When Kamvar and Shirazi opened the doors to Zaytoon in 2001, they had given a lot of thought to how to change the reputation of the kebab.

Elsewhere at the time, kebabs were served in closed-up pitta breads so how were people supposed to trust what they were eating? “You couldn’t see what was inside,” he said.

They brought in a tandoor and started to serve the kebabs on an open flat bread so customers could see how fresh the ingredients were. “In Iran, this is the bread that we make, not for eating kebab, but for lunch, dinner … it’s just part of daily use,” he said.

These days, other kebab shops have also moved from pitta to open fresh bread, he says.

Kamvar and Shirazi also let people choose their salads and fillings, and put up a television screen on the wall that shows how people prepare the food.
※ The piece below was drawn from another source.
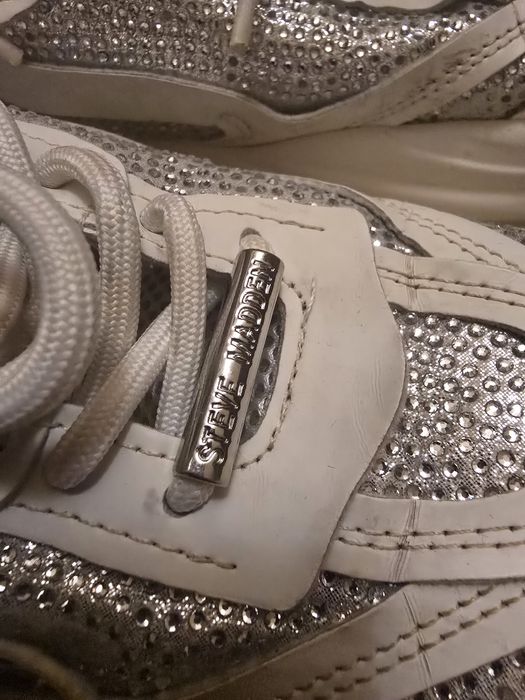 Steve Madden Possession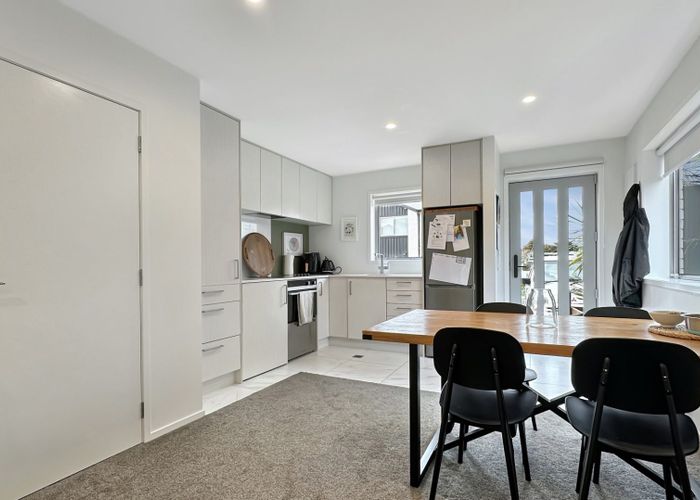  at 7/24 Kelwyn Road, Kelston, Auckland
They chose good cuts of meat and steered clear of the fatty slabs that can be found in some places, and they don’t have a freezer, he says. “Everything has to be fresh. Nothing is kept anywhere.”

Kamvar points out that if you cross the region that spreads from Iran, to Afghanistan, to Pakistan and India, you will find many styles of kebab, evolved over the centuries.
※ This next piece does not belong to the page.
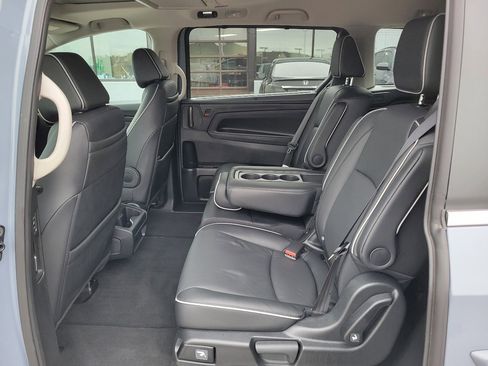 Certified 2025 Honda Odyssey Touring image 12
Some might not use saffron, some might not use basmati rice, or they might cook the rice in different ways.

But theirs, he says, is Persian and that’s what makes them different. “I don’t want people mixing this up with Turkish restaurant, or Greek restaurant, this is Persian.”

Going Forward

While some kebab shops have stayed as one-off outlets, others have expanded across the country. Abrakebabra, born in Rathmines in the early 1980s, now has 25 outlets.
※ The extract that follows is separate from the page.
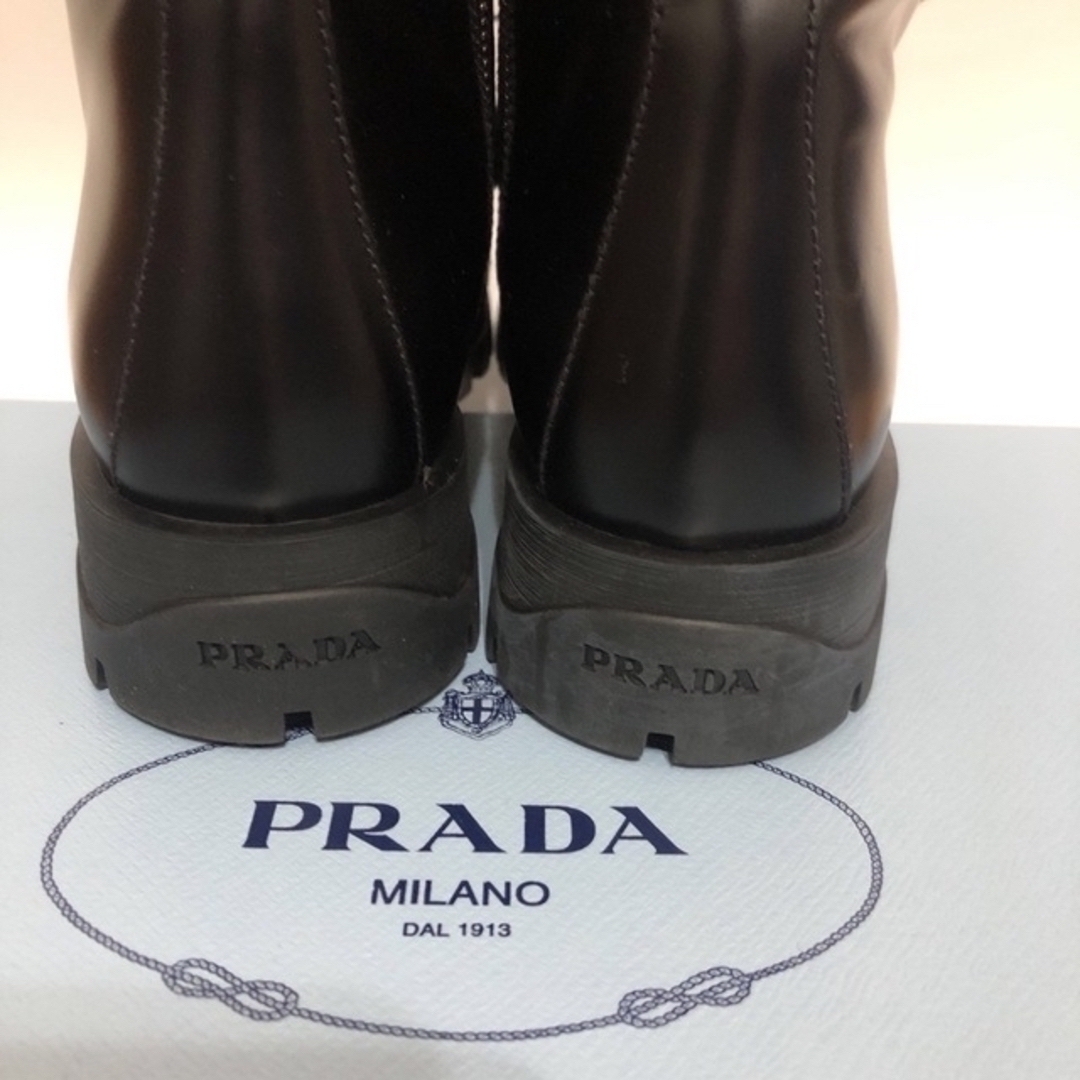 PRADA(プラダ)の日曜までセール新品・未使用品・プラダ  レースアップブーツ　34 1/2 箱つき レディースの靴/シューズ(ブーツ)の商品写真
Kamvar alludes to different reasons as to why Zaytoon is still just two outlets. Perhaps, it’s harder as an immigrant to get the financial backing needed for a massive expansion.

Even though he has been here for decades, Kamvar says he doesn’t think of himself as Irish. “I don’t feel it, and I won’t be treated, unfortunately.” He holds out his hands and turns them upside down, and then back over again.

If he were Irish, he would have taken the restaurant nationwide by now, he said. “But I’m glad I did something nobody else could.”

He also points to the bad timing of the recession, though, as an obstacle to growth, as well as a desire to nurture the business’s name. “We’ve been waiting for the recession to finish because there’s no money here,” he said. “I wanted to first build up a reputation.”

Recently, though, he has been moving ahead with plans to grow, without waiting around for an investor to come forward with a pile of money.

“The direction to go is expansion definitely. I’ve been looking for a shop everyday for the last few months,” he said. He has been approached by different people interested in setting up franchises, and it’s something he’s looking at.

Kamvar points to the dark-wood tables and chairs in the restaurant. He is conscious that the furniture is tired, and the decor is tired – particularly in the Parliament Street restaurant.

He has plans for a redesign, to add more colour, bring in some new furniture. “I’m in the middle of that,” he said. It’s hard to find a few days to close, though, when they’re busy.

There’s a sense of caution too, to be careful with the business that he and his partner have worked hard to build.

“It’s my [and his partner’s] baby, it can easily go down like that,” he says. “The ball is in my hand in this market, and I don’t want to drop it.”

[UPDATE: This article was updated on 8 May at 14:20pm to include the name of Jamshid Kamvar’s business partner, and to correct his name. Apologies for the error.]